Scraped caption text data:
□ □ □

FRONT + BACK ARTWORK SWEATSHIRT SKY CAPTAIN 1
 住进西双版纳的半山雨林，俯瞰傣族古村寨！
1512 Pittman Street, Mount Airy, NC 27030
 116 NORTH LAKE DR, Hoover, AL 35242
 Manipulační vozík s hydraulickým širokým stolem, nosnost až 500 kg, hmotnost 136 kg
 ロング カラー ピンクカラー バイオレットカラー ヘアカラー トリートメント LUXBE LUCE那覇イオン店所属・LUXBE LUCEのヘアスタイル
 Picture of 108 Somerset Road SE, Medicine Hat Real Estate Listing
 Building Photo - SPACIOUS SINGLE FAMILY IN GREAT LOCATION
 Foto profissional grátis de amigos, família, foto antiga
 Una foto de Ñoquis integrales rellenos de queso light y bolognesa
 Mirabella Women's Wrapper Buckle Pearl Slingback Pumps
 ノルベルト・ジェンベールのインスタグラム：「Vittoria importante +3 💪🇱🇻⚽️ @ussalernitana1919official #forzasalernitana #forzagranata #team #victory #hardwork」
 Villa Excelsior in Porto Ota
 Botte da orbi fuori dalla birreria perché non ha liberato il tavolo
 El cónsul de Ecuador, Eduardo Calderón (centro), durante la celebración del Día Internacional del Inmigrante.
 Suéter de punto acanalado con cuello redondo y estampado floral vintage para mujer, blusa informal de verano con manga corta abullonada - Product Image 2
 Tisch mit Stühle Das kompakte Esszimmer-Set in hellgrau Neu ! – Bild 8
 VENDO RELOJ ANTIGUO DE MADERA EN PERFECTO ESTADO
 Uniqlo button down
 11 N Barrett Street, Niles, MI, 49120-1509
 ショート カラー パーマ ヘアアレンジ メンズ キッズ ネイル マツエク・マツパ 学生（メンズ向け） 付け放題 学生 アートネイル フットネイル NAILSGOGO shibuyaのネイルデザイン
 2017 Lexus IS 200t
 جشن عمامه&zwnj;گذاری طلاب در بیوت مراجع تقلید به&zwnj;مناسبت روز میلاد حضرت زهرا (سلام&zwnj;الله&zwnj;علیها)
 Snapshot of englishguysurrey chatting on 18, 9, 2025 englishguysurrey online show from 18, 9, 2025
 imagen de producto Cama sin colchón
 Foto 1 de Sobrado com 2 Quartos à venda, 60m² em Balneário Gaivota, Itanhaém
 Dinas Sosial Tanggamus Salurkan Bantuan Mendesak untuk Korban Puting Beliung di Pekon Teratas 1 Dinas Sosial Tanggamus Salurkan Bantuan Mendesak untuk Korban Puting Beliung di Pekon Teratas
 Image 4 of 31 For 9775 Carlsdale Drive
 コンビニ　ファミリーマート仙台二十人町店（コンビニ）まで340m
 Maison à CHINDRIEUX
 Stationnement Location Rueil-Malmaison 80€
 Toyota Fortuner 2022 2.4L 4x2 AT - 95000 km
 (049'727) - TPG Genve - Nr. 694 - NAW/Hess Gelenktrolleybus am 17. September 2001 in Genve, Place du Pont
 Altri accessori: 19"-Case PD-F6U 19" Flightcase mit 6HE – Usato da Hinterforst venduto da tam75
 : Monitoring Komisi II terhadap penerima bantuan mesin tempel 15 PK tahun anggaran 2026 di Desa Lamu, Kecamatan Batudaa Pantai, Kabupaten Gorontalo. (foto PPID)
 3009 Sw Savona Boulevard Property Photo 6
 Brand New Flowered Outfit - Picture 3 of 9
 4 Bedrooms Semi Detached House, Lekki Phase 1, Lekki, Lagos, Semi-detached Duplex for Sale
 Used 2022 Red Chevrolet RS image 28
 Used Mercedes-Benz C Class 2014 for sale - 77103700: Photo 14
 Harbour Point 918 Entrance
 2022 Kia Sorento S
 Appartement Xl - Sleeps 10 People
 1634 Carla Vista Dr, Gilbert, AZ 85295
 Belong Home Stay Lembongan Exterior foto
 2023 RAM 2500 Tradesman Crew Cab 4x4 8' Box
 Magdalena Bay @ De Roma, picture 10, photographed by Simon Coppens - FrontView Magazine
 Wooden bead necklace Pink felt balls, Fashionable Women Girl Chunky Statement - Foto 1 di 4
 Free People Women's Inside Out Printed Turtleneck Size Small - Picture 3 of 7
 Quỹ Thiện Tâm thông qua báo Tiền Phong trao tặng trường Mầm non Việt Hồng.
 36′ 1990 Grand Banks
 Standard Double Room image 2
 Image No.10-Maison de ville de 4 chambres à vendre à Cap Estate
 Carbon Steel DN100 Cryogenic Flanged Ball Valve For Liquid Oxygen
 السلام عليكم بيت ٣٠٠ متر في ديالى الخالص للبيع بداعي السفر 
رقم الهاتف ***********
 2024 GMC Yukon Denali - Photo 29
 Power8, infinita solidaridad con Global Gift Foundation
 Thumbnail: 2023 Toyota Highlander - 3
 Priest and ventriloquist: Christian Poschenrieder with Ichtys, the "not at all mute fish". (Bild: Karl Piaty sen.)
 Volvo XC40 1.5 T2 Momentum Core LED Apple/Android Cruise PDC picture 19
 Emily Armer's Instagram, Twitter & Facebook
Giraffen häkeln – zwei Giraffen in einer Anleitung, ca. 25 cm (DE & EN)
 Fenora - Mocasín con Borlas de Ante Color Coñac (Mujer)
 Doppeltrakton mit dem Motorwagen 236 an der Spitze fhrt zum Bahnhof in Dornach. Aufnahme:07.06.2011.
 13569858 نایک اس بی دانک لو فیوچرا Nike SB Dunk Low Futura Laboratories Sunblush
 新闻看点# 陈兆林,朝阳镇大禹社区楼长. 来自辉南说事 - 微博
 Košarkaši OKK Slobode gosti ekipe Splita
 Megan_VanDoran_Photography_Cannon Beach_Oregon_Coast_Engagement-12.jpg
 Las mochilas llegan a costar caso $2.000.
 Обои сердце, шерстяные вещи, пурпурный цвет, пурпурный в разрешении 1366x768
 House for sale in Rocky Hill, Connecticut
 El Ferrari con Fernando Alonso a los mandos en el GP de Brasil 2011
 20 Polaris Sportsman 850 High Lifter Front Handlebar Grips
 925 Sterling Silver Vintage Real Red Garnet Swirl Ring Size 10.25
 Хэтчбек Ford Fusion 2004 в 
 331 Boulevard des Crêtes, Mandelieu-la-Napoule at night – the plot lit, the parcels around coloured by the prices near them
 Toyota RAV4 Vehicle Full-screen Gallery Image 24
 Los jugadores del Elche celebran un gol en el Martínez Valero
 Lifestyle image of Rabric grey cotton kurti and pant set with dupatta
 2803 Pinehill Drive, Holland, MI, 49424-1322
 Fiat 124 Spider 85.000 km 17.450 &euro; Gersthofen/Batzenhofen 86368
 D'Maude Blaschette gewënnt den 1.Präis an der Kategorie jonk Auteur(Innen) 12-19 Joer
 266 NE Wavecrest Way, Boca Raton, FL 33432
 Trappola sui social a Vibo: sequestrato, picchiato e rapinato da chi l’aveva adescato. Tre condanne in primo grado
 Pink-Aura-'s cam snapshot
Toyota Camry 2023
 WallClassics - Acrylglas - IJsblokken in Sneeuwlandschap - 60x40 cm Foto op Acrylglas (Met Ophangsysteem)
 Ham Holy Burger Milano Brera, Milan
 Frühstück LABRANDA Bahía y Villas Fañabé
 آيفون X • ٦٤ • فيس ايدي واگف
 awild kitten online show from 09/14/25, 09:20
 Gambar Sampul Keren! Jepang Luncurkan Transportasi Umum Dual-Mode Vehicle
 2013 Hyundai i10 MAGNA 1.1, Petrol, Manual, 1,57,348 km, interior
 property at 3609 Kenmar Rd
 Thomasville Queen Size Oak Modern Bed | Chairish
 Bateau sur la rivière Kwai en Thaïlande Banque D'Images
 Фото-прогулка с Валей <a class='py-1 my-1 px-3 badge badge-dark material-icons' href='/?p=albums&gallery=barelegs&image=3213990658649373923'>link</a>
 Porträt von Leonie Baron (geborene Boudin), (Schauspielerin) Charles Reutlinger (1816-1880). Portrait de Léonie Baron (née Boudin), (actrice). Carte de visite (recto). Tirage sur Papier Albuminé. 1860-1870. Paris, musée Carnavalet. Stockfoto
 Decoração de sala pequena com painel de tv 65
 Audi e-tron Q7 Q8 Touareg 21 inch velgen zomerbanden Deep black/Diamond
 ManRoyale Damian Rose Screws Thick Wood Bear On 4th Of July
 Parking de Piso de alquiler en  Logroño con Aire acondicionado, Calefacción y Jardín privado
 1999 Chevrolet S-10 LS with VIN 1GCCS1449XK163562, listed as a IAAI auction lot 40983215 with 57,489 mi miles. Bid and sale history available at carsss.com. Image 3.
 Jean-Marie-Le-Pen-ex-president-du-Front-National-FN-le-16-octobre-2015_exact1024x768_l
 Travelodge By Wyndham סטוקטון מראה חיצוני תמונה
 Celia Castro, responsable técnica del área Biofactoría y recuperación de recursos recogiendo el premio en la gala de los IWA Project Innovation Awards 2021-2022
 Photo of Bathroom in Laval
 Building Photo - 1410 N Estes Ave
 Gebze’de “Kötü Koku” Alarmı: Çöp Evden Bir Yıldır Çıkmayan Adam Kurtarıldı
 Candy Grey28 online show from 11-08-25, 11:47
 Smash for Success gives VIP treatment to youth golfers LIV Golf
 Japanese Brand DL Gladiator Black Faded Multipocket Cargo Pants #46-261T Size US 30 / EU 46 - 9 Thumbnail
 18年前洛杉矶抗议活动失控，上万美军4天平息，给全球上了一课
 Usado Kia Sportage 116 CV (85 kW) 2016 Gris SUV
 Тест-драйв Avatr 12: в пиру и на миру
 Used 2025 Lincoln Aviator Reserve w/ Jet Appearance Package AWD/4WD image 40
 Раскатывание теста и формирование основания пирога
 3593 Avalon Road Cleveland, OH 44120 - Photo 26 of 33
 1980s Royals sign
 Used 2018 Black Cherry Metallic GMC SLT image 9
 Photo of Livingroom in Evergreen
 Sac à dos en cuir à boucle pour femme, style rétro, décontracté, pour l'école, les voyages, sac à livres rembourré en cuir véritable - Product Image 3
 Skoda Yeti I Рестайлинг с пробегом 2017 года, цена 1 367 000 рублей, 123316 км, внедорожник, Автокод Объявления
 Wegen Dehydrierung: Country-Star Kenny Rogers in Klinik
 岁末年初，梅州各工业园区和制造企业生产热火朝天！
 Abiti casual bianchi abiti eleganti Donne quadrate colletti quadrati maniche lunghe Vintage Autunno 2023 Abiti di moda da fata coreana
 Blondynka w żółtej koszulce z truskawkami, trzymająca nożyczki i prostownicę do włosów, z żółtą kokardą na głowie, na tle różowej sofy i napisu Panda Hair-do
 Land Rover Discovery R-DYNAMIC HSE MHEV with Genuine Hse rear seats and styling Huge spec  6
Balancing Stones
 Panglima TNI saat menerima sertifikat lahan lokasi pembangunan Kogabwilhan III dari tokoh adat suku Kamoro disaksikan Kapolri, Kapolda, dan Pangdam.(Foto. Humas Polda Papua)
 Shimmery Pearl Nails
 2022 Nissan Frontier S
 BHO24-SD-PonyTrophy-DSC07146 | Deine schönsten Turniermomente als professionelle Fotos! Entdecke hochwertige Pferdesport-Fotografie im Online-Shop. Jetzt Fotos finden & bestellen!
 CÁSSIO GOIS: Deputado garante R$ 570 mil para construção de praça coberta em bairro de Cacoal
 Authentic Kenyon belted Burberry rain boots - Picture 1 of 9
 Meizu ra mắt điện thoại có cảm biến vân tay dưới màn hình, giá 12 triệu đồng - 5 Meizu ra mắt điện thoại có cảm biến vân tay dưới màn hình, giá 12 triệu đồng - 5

□ □ □

_TASK TO CARRY OUT_
Using the entries above, return exactly the lines from the line with "3593 Avalon Road" to the line with "Authentic Kenyon belted", counting both of those lines.

_ANSWER BOX_
 3593 Avalon Road Cleveland, OH 44120 - Photo 26 of 33
 1980s Royals sign
 Used 2018 Black Cherry Metallic GMC SLT image 9
 Photo of Livingroom in Evergreen
 Sac à dos en cuir à boucle pour femme, style rétro, décontracté, pour l'école, les voyages, sac à livres rembourré en cuir véritable - Product Image 3
 Skoda Yeti I Рестайлинг с пробегом 2017 года, цена 1 367 000 рублей, 123316 км, внедорожник, Автокод Объявления
 Wegen Dehydrierung: Country-Star Kenny Rogers in Klinik
 岁末年初，梅州各工业园区和制造企业生产热火朝天！
 Abiti casual bianchi abiti eleganti Donne quadrate colletti quadrati maniche lunghe Vintage Autunno 2023 Abiti di moda da fata coreana
 Blondynka w żółtej koszulce z truskawkami, trzymająca nożyczki i prostownicę do włosów, z żółtą kokardą na głowie, na tle różowej sofy i napisu Panda Hair-do
 Land Rover Discovery R-DYNAMIC HSE MHEV with Genuine Hse rear seats and styling Huge spec  6
Balancing Stones
 Panglima TNI saat menerima sertifikat lahan lokasi pembangunan Kogabwilhan III dari tokoh adat suku Kamoro disaksikan Kapolri, Kapolda, dan Pangdam.(Foto. Humas Polda Papua)
 Shimmery Pearl Nails
 2022 Nissan Frontier S
 BHO24-SD-PonyTrophy-DSC07146 | Deine schönsten Turniermomente als professionelle Fotos! Entdecke hochwertige Pferdesport-Fotografie im Online-Shop. Jetzt Fotos finden & bestellen!
 CÁSSIO GOIS: Deputado garante R$ 570 mil para construção de praça coberta em bairro de Cacoal
 Authentic Kenyon belted Burberry rain boots - Picture 1 of 9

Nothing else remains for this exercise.